Figure 2 shows in more detail how peaks in oil prices have been falling since 2008. While it doesn’t include early January 2020 oil prices, even these prices would be below the dotted line.

Figure 2. Inflation adjusted weekly average Brent Oil price, based on EIA oil spot prices and US CPI-urban inflation.

Oil prices can temporarily spike because of inadequate supply or fear of war. However, to keep oil prices up, there needs to be an increase in “demand” for finished goods and services made with commodities. Workers need to be able to afford to purchase more goods such as new homes, cars, and cell phones. Governments need to be able to afford to purchase new goods such as paved roads and school buildings.

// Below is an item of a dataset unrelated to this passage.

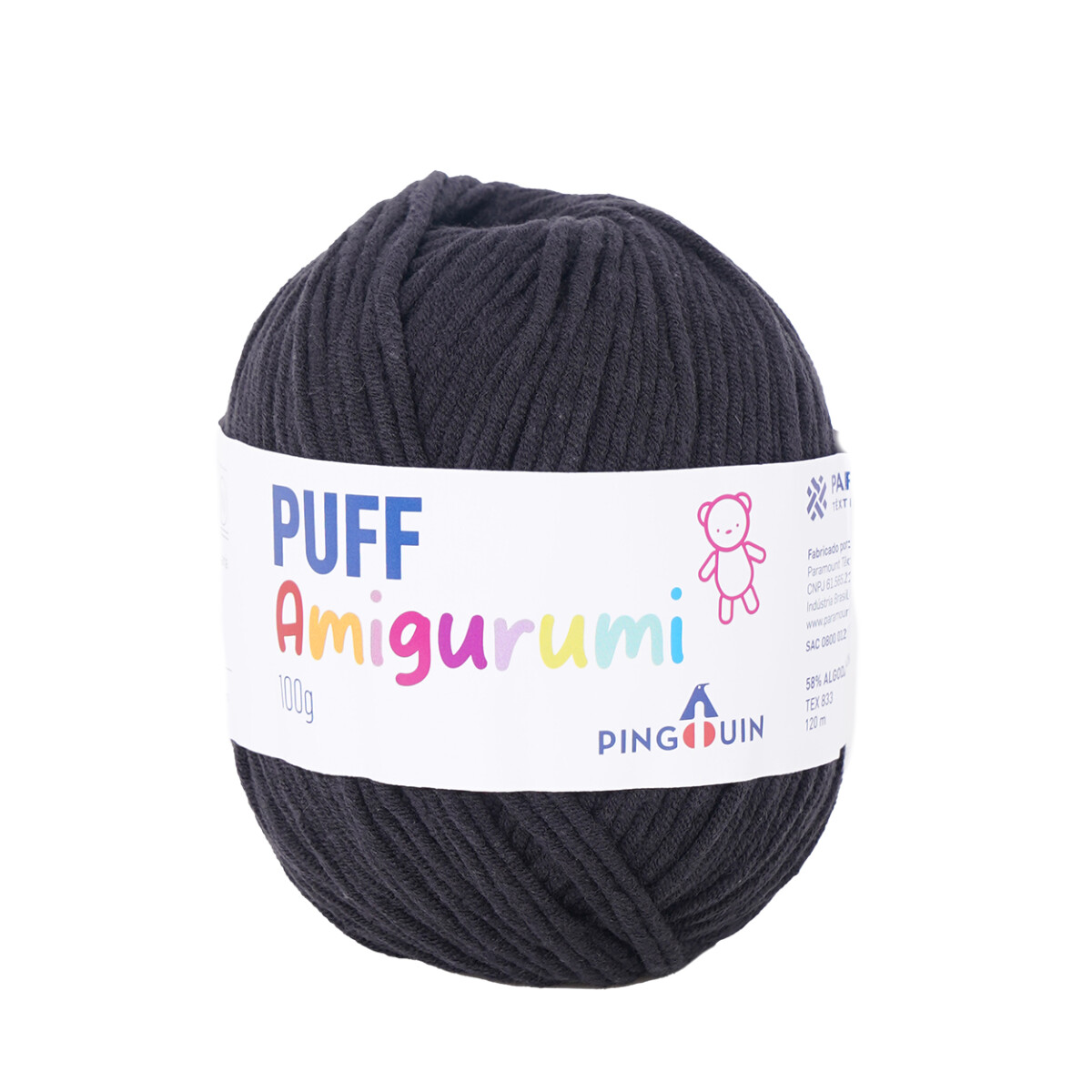 Puff Amigurumi - negro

At this point, the world economy is struggling with a lack of affordability in finished goods and services. This lack of affordability is what causes oil and other commodity prices to tend to fall, rather than to rise. Lack of affordability comes when too many would-be buyers have low wages or no income at all. Wage disparity tends to rise with globalization. It also tends to rise with increased specialization. A few highly trained workers earn high wages, but many others are left with low wages or no job at all.

It is the fact that we do not have a way of making the affordability of finished goods rise that leads me to believe that oil prices will remain low. Raising minimum wages tends to encourage more mechanization of processes and thus tends to lower total employment. Interest rates cannot be brought much lower, nor can the terms of loans be extended much longer. If such changes were available, they would enhance affordability and thus help prevent low commodity prices and recession.

[2] World oil production seems likely to fall by 1% or more in 2020 because of low oil prices.

Quarterly oil production data of the US Energy Information Administration shows the following pattern:

Figure 3. Quarterly World Crude Oil and Natural Gas Liquids production, based on EIA international data through September 2019. This is a fairly broad definition of oil. It does not include biofuels because their production tends to be seasonal.

The highest single quarter of world oil production was the fourth quarter of 2018. Oil production has been falling since this peak quarter.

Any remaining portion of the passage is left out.